As a man dealing with a mid-life crisis of sorts, Cage allows himself to really let loose here, making for plenty of entertaining moments as he grapples with the fact that being a parent has significantly changed his identity, including one scene involving a brutally failed attempt to put together a pool table. So much fun did the Oscar-winner have here that he recently told Variety that “Mom and Dad” was his favorite film he has done in the last decade.

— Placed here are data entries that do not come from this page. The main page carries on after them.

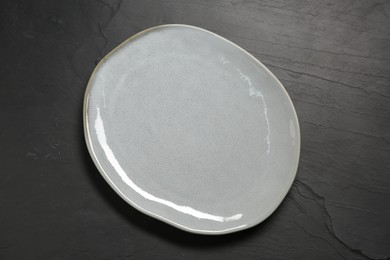 One ceramic plate on black textured table, top view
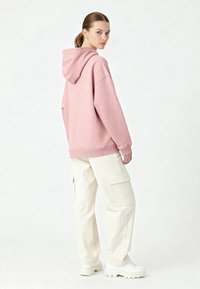Sweat à capuche oversize rose avec cordon de serrage, ourlet et poignets côtelés, associé à un pantalon cargo crème clair et des baskets blanches épaisses.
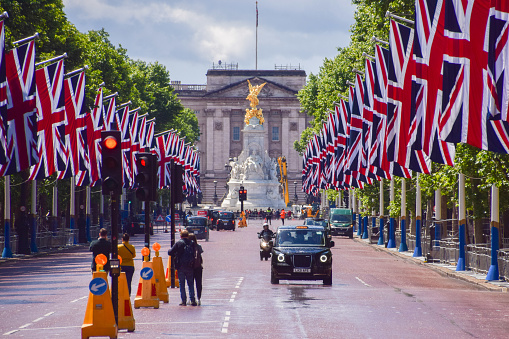 London, UK. May 24 2022. Union Jack flags in The Mall for the Queen's Platinum Jubilee, marking the 70th anniversary of the Queen's accession to the throne.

“I definitely got close to Selma Blair a little bit more than Nic, just because I feel like Nic is just so unrelatable in the sense that I look up to him and I learned a lot from him,” said Winters. “I don’t know if we became best friends, but he showed me that you can do whatever you want and set the rules for your own person, and you can set yet your own bar of what you want to do with your character. You don’t have to conform to any person’s vision of your character but your own.”

Once the murderous spell takes hold of Brent and Kendall, things get intense, to say the least, as Carly and Josh find themselves having to fend off their own parents, coming up with clever ways to protect themselves, and vice versa. At one point, Carly is forced to even physically fight her own dear mother, which is more difficult that one would imagine, as Kendall is in top physical shape. Winters spilled the beans on what really goes down during the filming of a fight scene.

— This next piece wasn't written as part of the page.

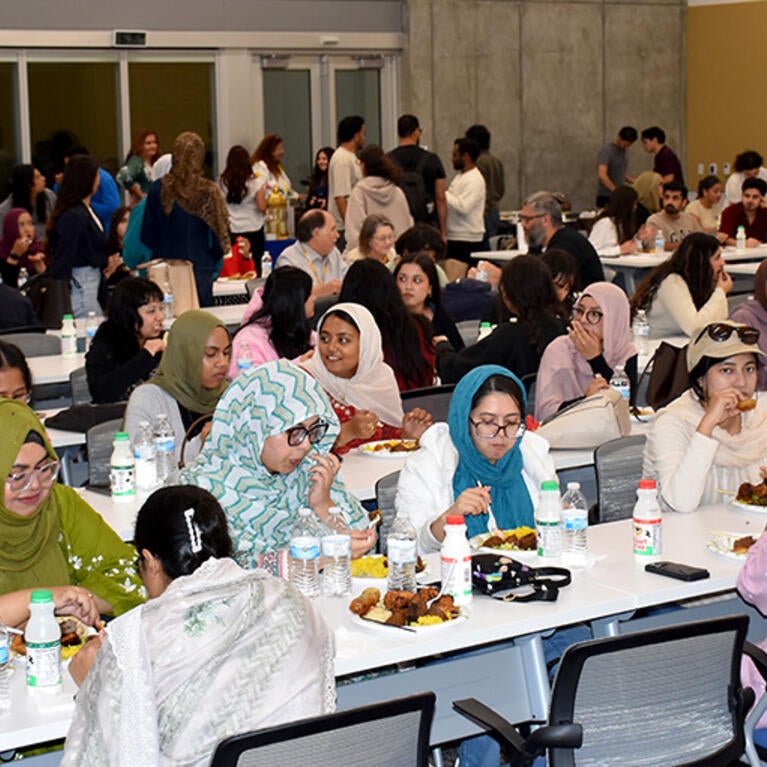 guests enjoy dinner at the Iftar celebration at the UCR School of Medicine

“Honestly, maybe I shouldn’t say this, but you end up kind of getting hurt no matter what, if you give it your all, no matter how choreographed something is, because you want it to look real, and to make it look real, you can’t make it that choreographed,” she revealed. “You have to just go for it. We definitely had some scraps and some bruises that were unexpected, but worth it.”

Despite the challenges, Winters’ experience here whet her appetite for more physically-involved roles.

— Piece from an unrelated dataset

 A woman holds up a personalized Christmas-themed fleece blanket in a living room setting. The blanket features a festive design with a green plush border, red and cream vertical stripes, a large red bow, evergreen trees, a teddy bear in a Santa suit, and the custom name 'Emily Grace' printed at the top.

“I loved running around and falling down,” she recalled. “I really loved doing my own stunts. Sometimes they don’t let you do your own stunts, because it’s not safe. But I loved falling and fighting and screaming and crying and just going crazy and not having time to think about something.”

Next up, Winters can be seen in the second season of “13 Reasons Why,” the controversial Netflix drama that deals with teen suicide.

“Her name is Chloe and she’s involved in a lot of drama,” she said of her character. “She’s getting in the middle of some relationships and stuff. I’m really curious to see what people think of her, because they could think one way about her, and then change over time. Her character has a really cool arc with twist and turns.”

Mom and Dad” opens Jan. 19 in select theaters, VOD and digital.